■ **AIM OF THE TASK**:
Starting with the line that contains "this 474×355 image." and ending with the last line of the entries, repeat exactly those lines and nothing else, pictures excluded.

Annotated photo localization data:
###

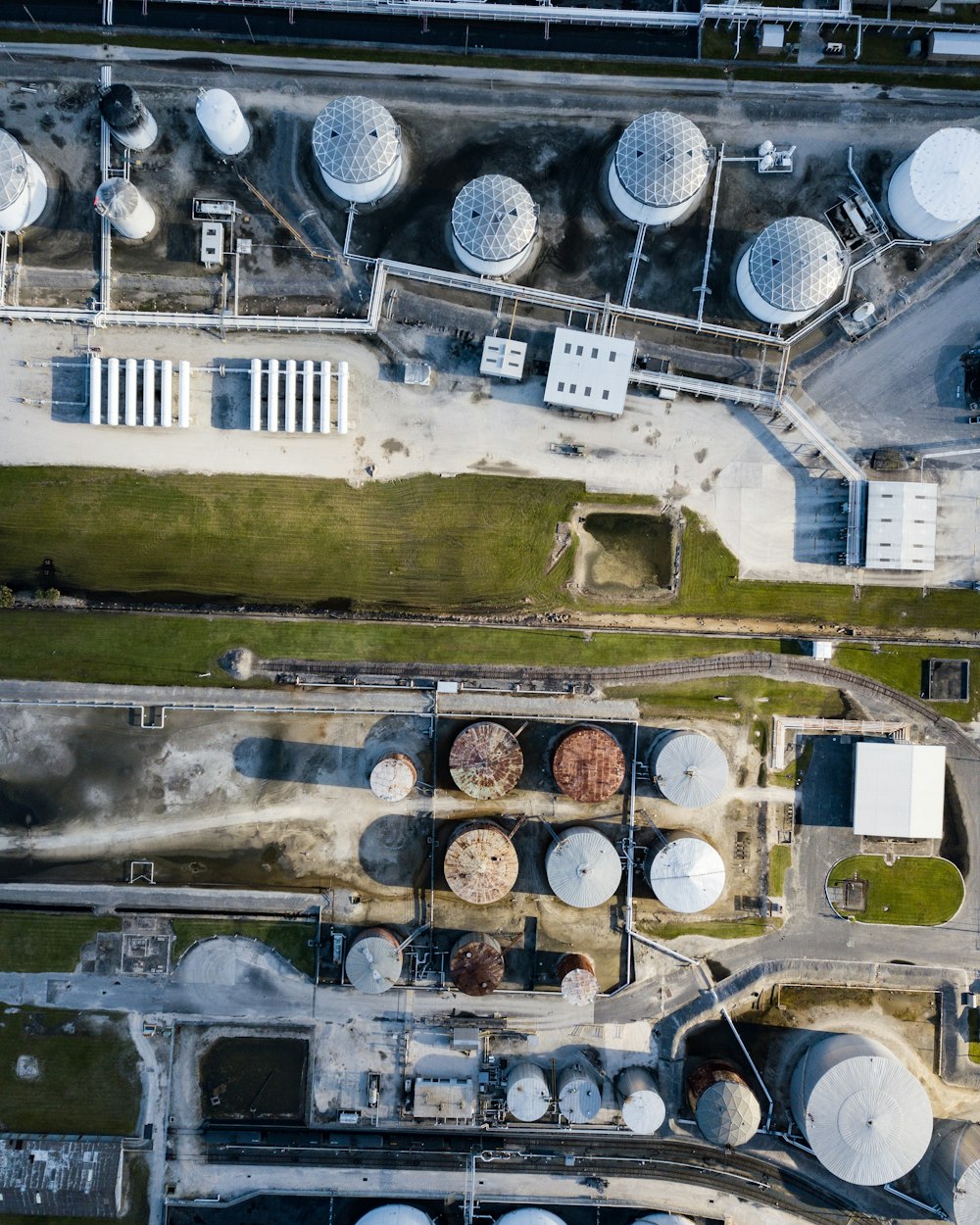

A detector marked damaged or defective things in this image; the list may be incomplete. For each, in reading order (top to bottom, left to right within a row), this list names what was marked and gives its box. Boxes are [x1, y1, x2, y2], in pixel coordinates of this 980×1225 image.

rusty storage tank [367, 749, 416, 800]
rusty storage tank [449, 721, 525, 800]
rusty storage tank [557, 725, 623, 804]
rusty storage tank [445, 815, 521, 902]
rusty storage tank [545, 823, 619, 909]
rusty storage tank [345, 925, 402, 996]
rusty storage tank [449, 933, 502, 1000]
rusty storage tank [557, 956, 600, 1004]
rusty storage tank [506, 1058, 553, 1121]
rusty storage tank [557, 1058, 600, 1121]
rusty storage tank [615, 1066, 670, 1129]
rusty storage tank [686, 1058, 760, 1145]
rusty storage tank [925, 1121, 980, 1215]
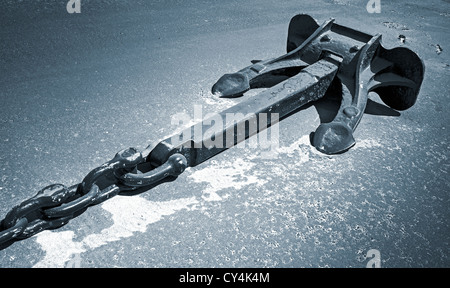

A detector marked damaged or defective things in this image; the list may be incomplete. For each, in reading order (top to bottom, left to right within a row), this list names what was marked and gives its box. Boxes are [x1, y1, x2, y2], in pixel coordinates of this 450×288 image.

rusty metal anchor [0, 14, 426, 248]
rusty metal anchor [213, 14, 424, 153]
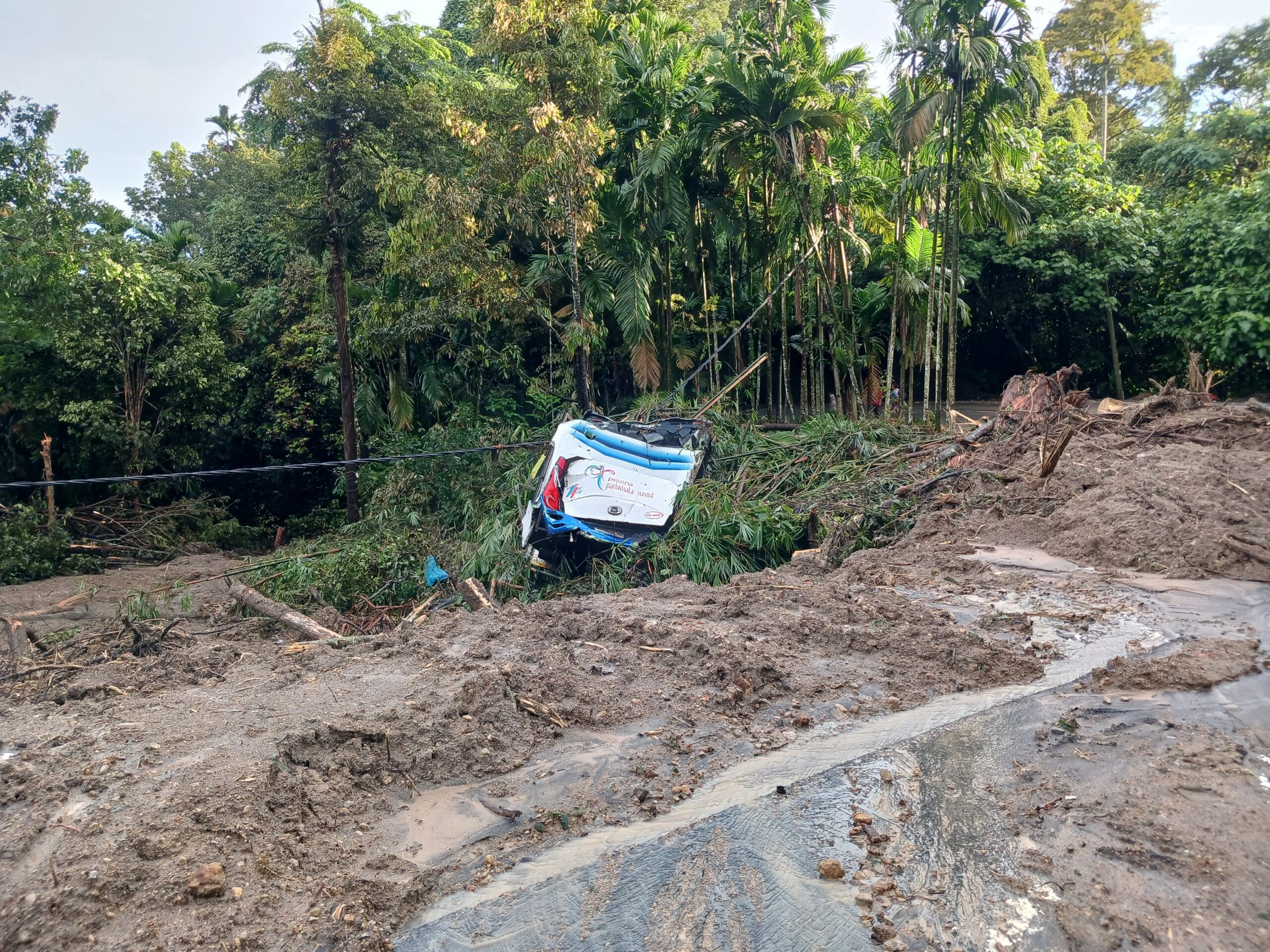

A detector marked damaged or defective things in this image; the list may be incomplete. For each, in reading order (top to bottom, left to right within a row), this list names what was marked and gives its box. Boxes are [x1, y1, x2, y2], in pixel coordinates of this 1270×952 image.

overturned bus [520, 413, 714, 555]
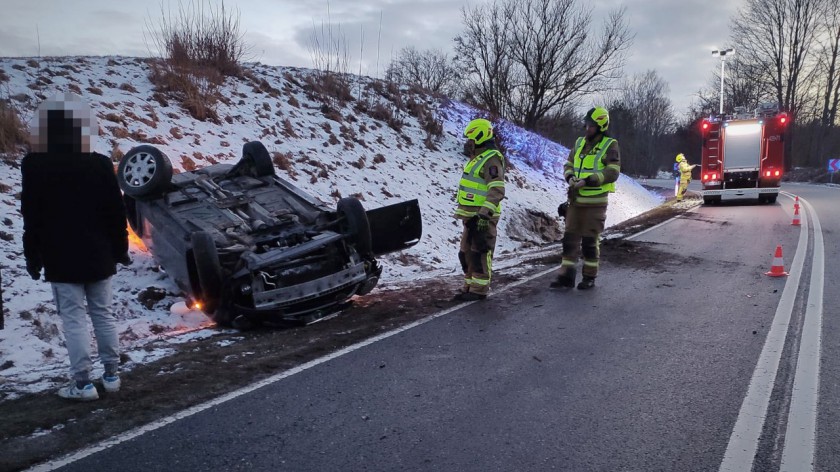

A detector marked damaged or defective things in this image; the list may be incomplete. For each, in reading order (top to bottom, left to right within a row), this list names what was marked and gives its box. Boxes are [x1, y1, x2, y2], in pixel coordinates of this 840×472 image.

overturned car [116, 140, 420, 328]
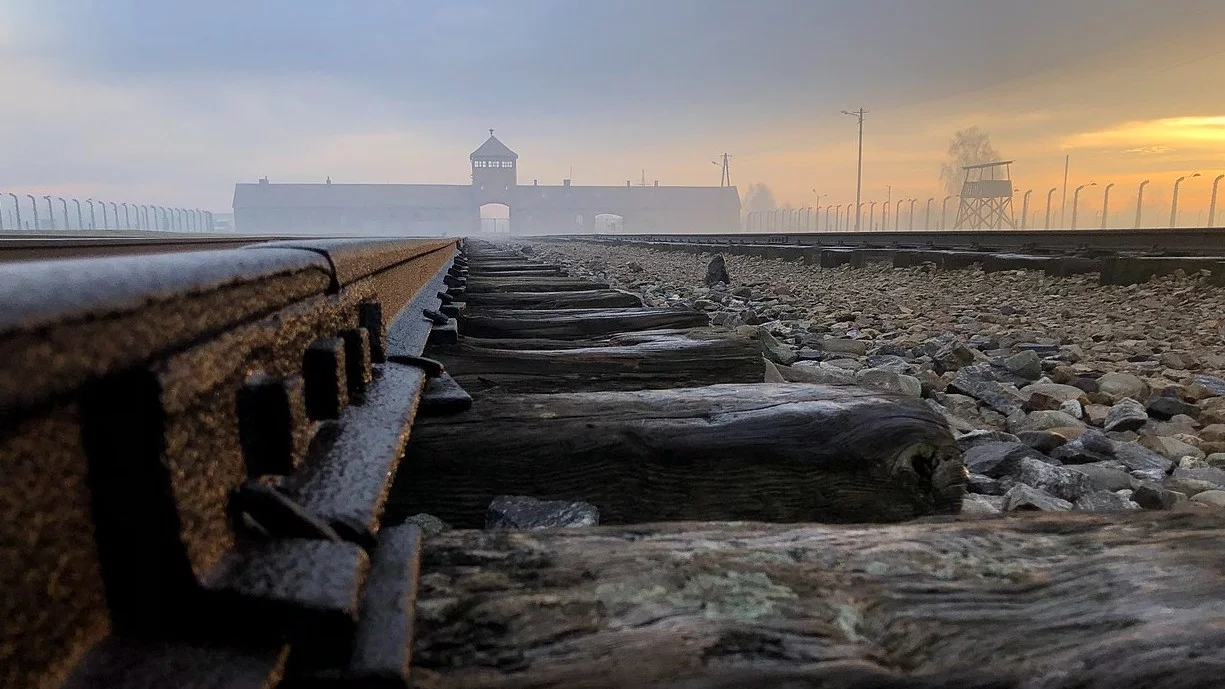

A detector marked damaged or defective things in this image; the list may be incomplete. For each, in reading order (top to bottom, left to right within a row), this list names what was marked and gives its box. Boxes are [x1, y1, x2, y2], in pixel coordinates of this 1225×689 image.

rusty steel rail [0, 232, 463, 681]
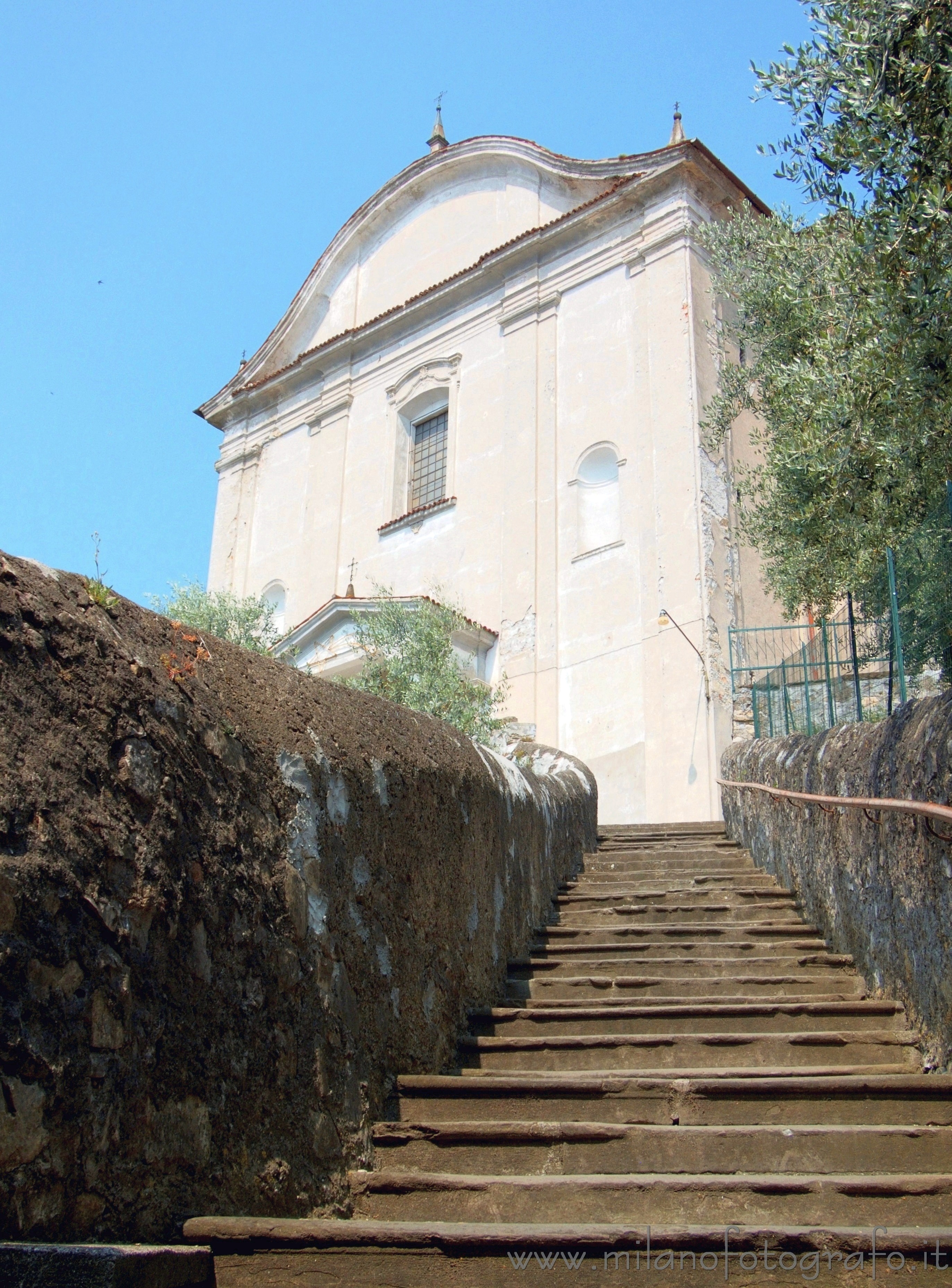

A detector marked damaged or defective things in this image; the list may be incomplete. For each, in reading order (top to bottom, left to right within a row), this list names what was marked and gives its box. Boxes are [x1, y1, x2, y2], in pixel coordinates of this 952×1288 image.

peeling plaster patch [327, 773, 350, 824]
peeling plaster patch [371, 757, 389, 809]
peeling plaster patch [310, 896, 332, 937]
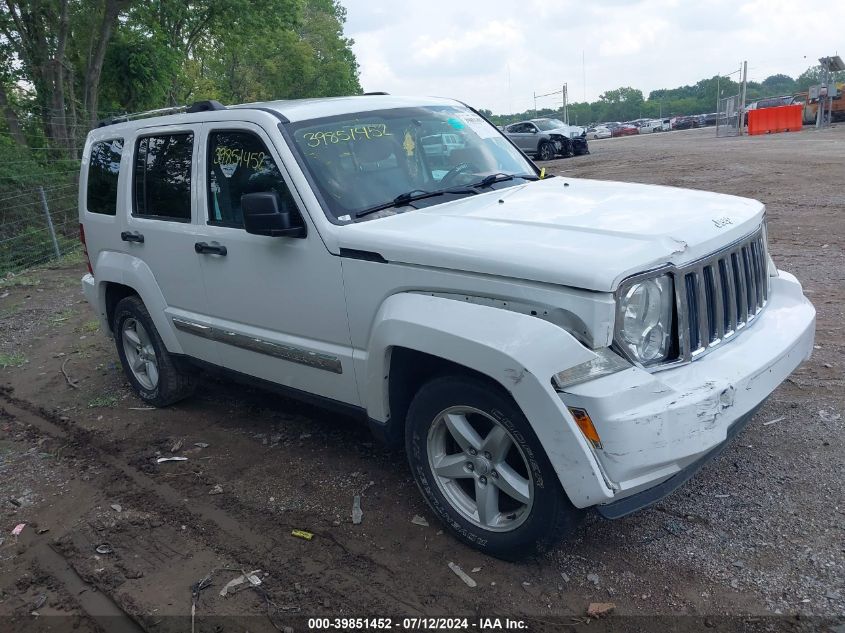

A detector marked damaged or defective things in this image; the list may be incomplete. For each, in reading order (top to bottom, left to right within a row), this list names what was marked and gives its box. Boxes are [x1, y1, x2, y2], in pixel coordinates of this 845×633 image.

damaged front bumper [560, 272, 812, 512]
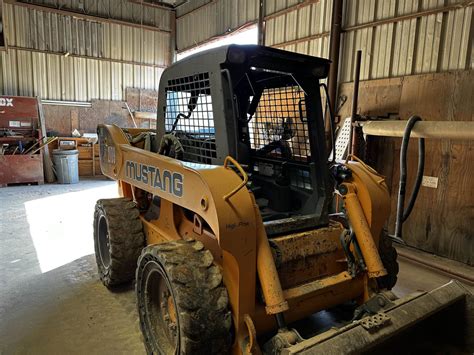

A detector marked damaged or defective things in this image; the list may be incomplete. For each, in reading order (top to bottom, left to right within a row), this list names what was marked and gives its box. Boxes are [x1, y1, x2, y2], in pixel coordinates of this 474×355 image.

rusty equipment [92, 46, 474, 354]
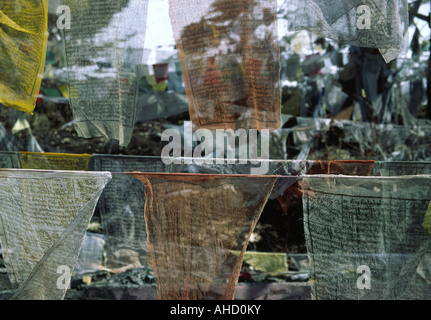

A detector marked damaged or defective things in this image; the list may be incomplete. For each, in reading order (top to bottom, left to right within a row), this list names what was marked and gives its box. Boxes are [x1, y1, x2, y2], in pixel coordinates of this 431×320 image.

###

■ **COMPLETED EXERCISE**:
A detector marked damaged or defective things in this image; the list may be incomplete. For each, in reading order (top to bottom, left to right within a row), this list names what was marked and gives its box. Boxes are [x1, y1, x2, y2], in pixel coordinates of this 474×355 image.

rusty equipment [92, 46, 474, 354]

A detector marked damaged or defective things in this image; the list may be incomplete. For each, in reading order (top to bottom, left to right within a row), this list names what was marked and gives its box. Boxes are [x1, y1, x2, y2], in pixel coordinates of this 431×320 image.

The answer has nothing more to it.